I am really ready to drop my cable service and would like to use my Bolt (TCD849000) to record OTA programming. I am using MOCA to stream to a couple of Tivo-Mini's.
My understanding is that I can simply remove the cable input and replace it with the antenna input, leaving the POE and splitter in the circuit. I could not find a good diagram but here is the circuit. I don't have a cable modem, we have Google Fiber.
If I understand the posts I have been reading, this should work.

Antenna -->POE-->Splitter ---->Bolt
--->MINI​
Next, I would run the repeat guided setup as shown here: https://support.tivo.com/articles/Installation_Setup_Configuration/Repeating-Guided-Setup

This says that existing recordings are not affected. Can someone verify that is the case? I would lose a lot of shows and my wife would be very unhappy if they got deleted.

After I verify that this is all working, I would remove the cable card and return it and the TA to Spectrum.

One more thing: I am paying $15.99 a month to Tivo and I noticed that the OTA-only boxes only cost $6.99. Can I get that discount or do I have to sell my current Bolt and buy an OTA only one?

Thanks.


----------



## JoeKustra (Dec 7, 2012)

Just two things.
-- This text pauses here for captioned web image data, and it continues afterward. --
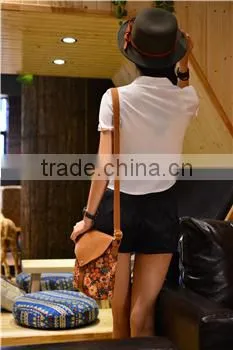 Best Selling Stylish Lether Messenger Bag for Women photo-4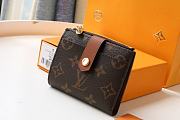 Forubags Louis Vuitton Square Wallet Monogram 02 – M60451 - 11 x 9 x 3 cm - 1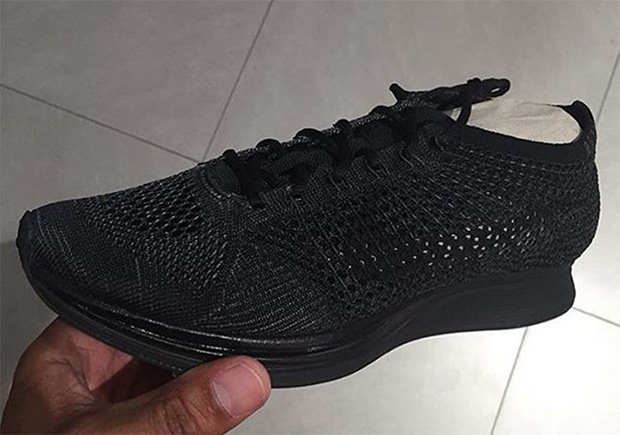 Nike Flyknit Racer Triple Black 01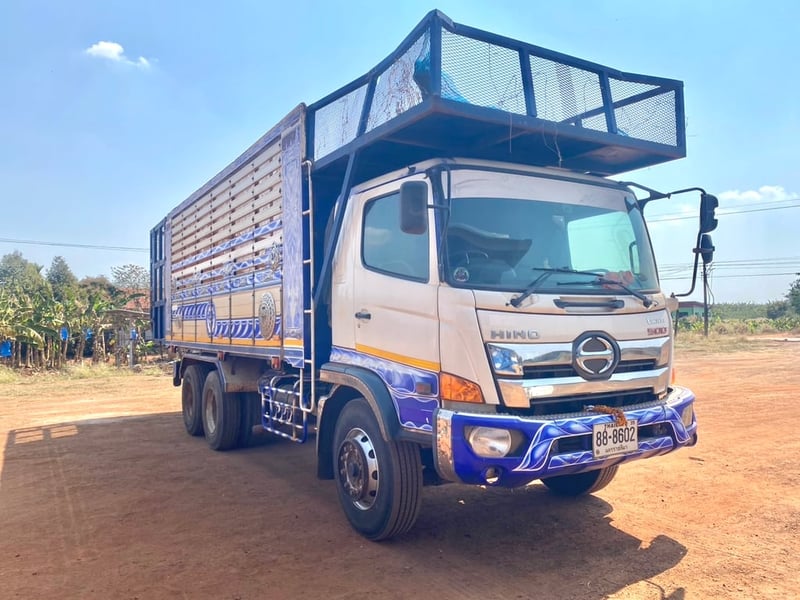 ฮีโน่ วิตเตอร FM8j 260 2เพลาปี60  ดั้มเกษตร เดิมวิ่งล่อง รถสวยเดิม สอบถามดัยคับ 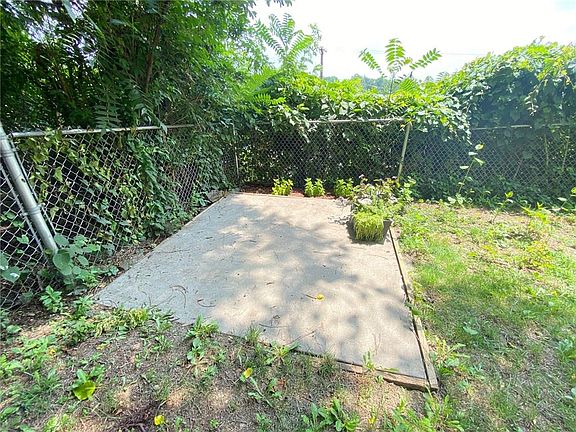 3rd image of 10052 Calvin St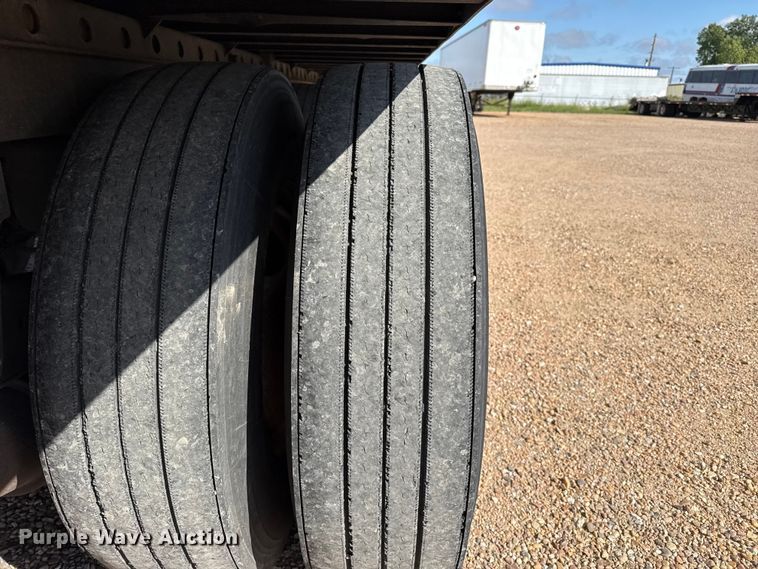 image for item EW4364 2005 Utility VS2DC dry van trailer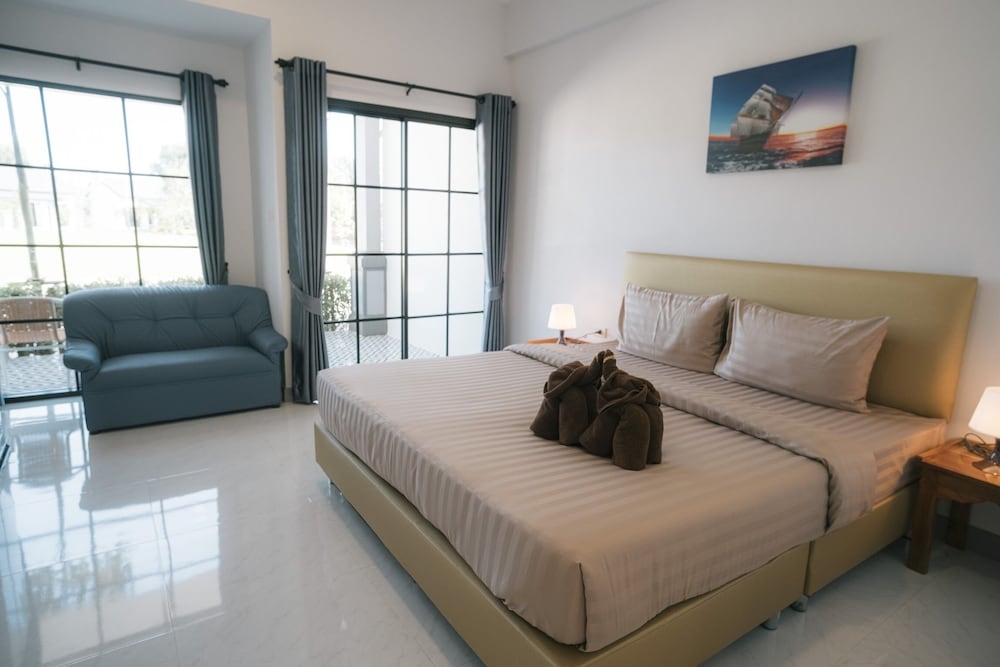 Deluxe King Room - Photo 1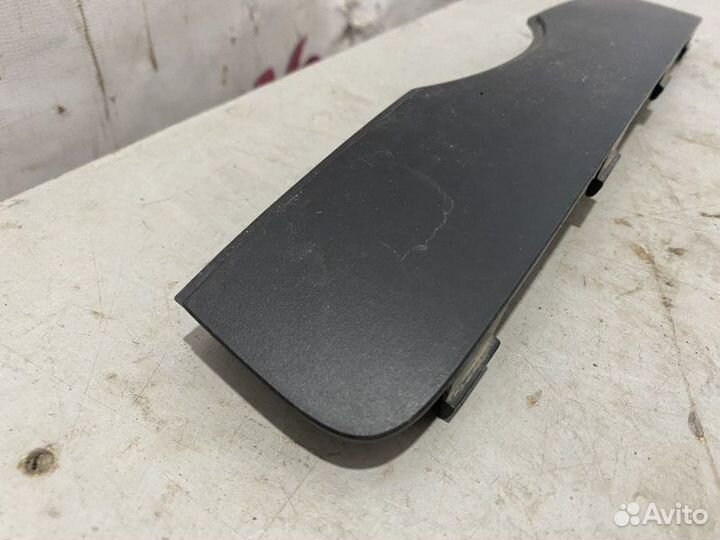 Накладка бампера передняя левая Audi Q3 8U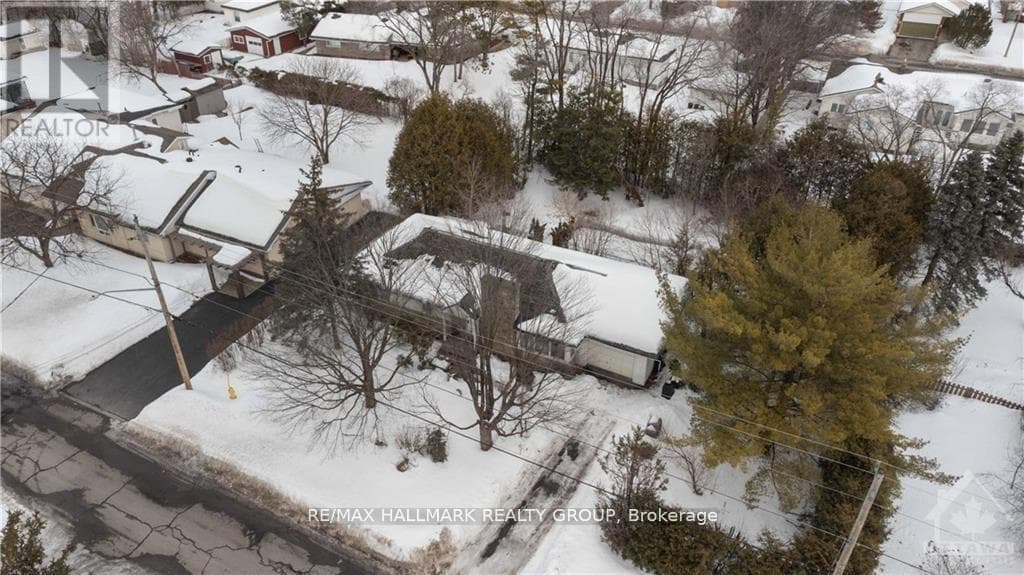 999 LAPORTE STREET — photo 4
You don't lose recordings when repeating GS for OTA. You should get the antenna setup and cabled, connected to your TV and scan for channels.


----------



## krkaufman (Nov 25, 2003)

CaptainTiVO said:


> Antenna -->POE-->Splitter ---->Bolt
> --->MINI


Yes, that should work, in theory, assuming the BOLT is connected via Ethernet to the router, and the antenna signal strength is sufficient to pull-in the available channels.

Re: TiVo service, you may want to review the current "Friends and Family 2018" sale, if you can't get a discount on service for your current box.

See: Exclusive Holiday Discount - TiVo Friends + Family Save up to $300!


----------



## CaptainTiVO (Nov 3, 2001)

krkaufman said:


> Yes, that should work, in theory, assuming the BOLT is connected via Ethernet to the router, and the antenna signal strength is sufficient to pull-in the available channels.
> 
> Re: TiVo service, you may want to review the current "Friends and Family 2018" sale, if you can't get a discount on service for your current box.
> 
> See: Exclusive Holiday Discount - TiVo Friends + Family Save up to $300!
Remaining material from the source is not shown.